A large number of people reading this post are familiar with the traffic colours and their meanings. In school as children, we were told that before crossing the road, we needed to " look left, look right and look left again" and we were equally educated on the traffic lights and what they represent;
Green means GO
Yellow/Amber means Get Ready
Red means STOP

It's amazing how much of these things we know and how little we apply to our daily lives especially our relationships. Relationships like I have always mentioned is a journey and just like road signs are there to keep you on track especially when the routes are unfamiliar, there are signs in your relationship designed to do same. These signs must NEVER be ignored

My focus is on single/unmarried folks this week and the reality of so many marital crises which in my own opinion could have been avoided.
First allow me to re-establish a few facts;
1. The dating/ courtship period is a time to get to know each other better
2. Dating/ courtship does not necessarily guarantee marriage
3. A dating/ courtship period that does not lead to marriage can be termed as successful: while one that leads to marriage might not necessarily be successful
4. Better a broken engagement than a broken marriage

Marriage is one of the few irreversible decisions we make in our lives and this decision must be considered with the utmost depth, realistically through a clear minds eye.
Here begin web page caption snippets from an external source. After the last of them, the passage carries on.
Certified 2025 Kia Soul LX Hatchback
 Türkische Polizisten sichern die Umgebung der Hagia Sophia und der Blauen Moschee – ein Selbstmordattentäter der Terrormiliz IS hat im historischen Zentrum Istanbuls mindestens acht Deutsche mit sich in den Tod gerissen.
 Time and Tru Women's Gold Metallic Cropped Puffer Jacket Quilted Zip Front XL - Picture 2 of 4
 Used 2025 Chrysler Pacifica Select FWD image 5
A common mistake amongst a lot of young people is that they spend a large percentage of their dating period satisfying their half-baked Sexual hormonal rush that they loose sight of what's trully important. When this happens, when the ultimate, the big picture is ignored, you become a slave to the immediate, the present.

Dating/Courtship period is a time to critically access your partner to determine if there's a future with this person and what that future might possibly hold. There's nothing wrong with being and feeling in love, but your vigilance should not be compromised.

If there are things you don't like while dating or courting, don't hesitate to talk about them because that is exactly what the period is for. If there are concerns, bring them to light and make sure they are satisfactorily resolved.

Don't allow your desperation get the better part of you while dating so much that you ignore important red flags. A partner who lies to you, cheats on you or treats you poorly is a major red flag and can ultimately turn a deal breaker

Don't stay in relationships where there are so many red flags thinking they would resolve them self or that your partner would suddenly change after getting married. It doesn't work that way and folks who are married can confirm that to you.

Red signs are warning signs designed to give you a reality check and give you a reason to re-evaluate the relationship you're in. Just like these traffic signs would not make sense to those who don't know the rules, if you don't have set boundaries drawn, you would not even know when they are being breached.

What are the things you cannot overlook in marriage? What attitudes, character or behaviors are deal breakers for you. How do you expect to be treated by the man/woman who claims to love you? These and many more need answers to enable you know when and where things are going wrong.

I'm not asking you to look for some perfect man, with green piercing eyes and a body to die for, who has no flaws and whose mission in life is to love and make you happy. You would be far from reality if that is what you are waiting for because there are no men like that in the real world.

At the end of the day, it would be you and your partner living together for the rest of your lives. If there are things you know you cannot live with for the "REST OF YOUR LIFE" address them now or end the relationship while you still can.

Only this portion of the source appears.